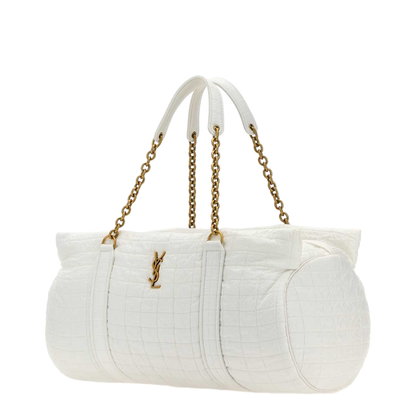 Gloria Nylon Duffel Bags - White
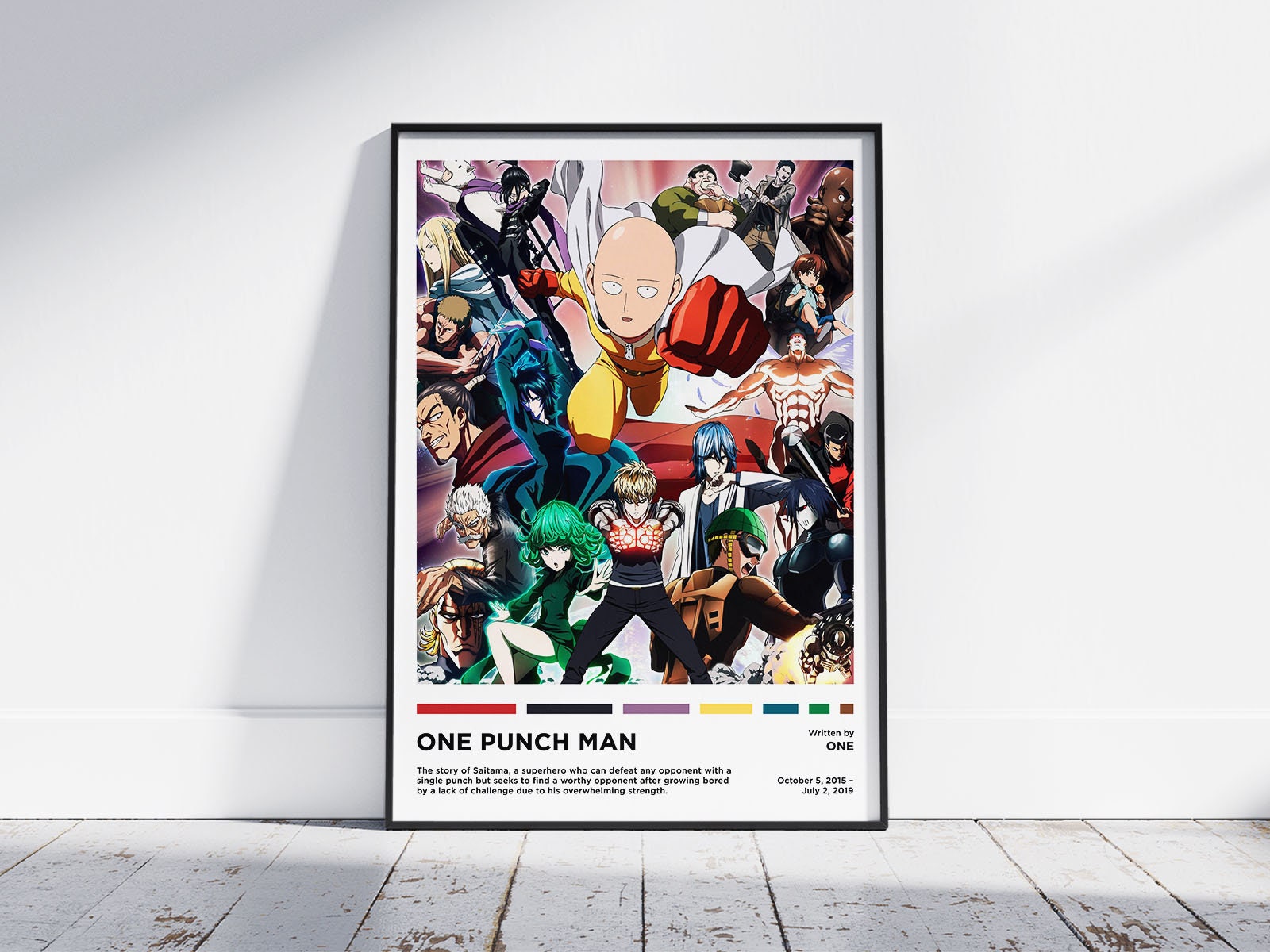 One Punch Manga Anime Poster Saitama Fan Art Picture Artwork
---
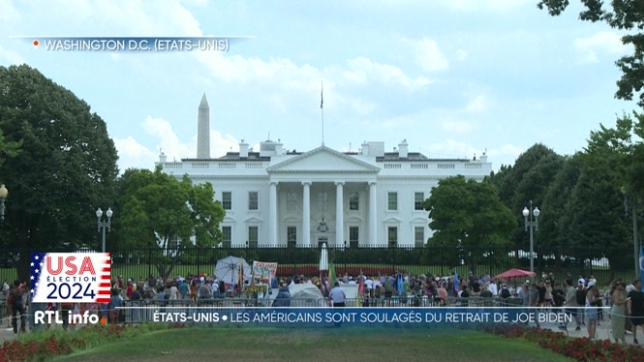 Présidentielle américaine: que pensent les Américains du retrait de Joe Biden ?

Directions for this task - Pictures do not belong in the answer. Return the lines above starting at the one with "Gloria Nylon Duffel Bags - White" and ending at the one with "One Punch Manga", both kept, exactly.

Completed task -
 Gloria Nylon Duffel Bags - White
 One Punch Manga Anime Poster Saitama Fan Art Picture Artwork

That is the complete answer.